• _WORK TASK_:
Each line starting at the one that contains "1pcs/10pcs BXX NEUTRIK" and ending at the one that contains "RUSSIAN 84 SILVER" must be returned exactly, and the rest of the listing is left out.

• _STUDY MATERIAL_:
────
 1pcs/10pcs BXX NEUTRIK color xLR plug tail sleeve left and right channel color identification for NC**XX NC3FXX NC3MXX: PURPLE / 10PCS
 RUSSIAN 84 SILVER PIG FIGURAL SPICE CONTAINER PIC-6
────
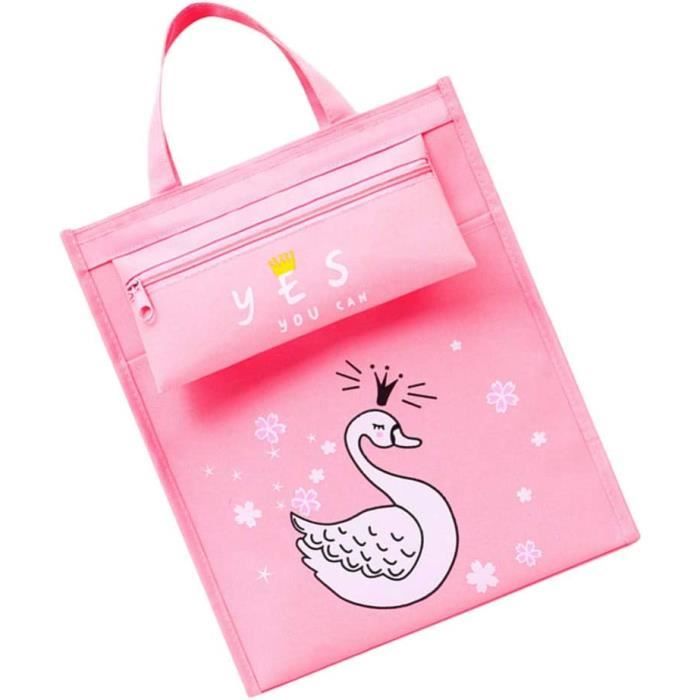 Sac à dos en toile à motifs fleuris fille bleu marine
────
• _FINISHED TASK_:
 1pcs/10pcs BXX NEUTRIK color xLR plug tail sleeve left and right channel color identification for NC**XX NC3FXX NC3MXX: PURPLE / 10PCS
 RUSSIAN 84 SILVER PIG FIGURAL SPICE CONTAINER PIC-6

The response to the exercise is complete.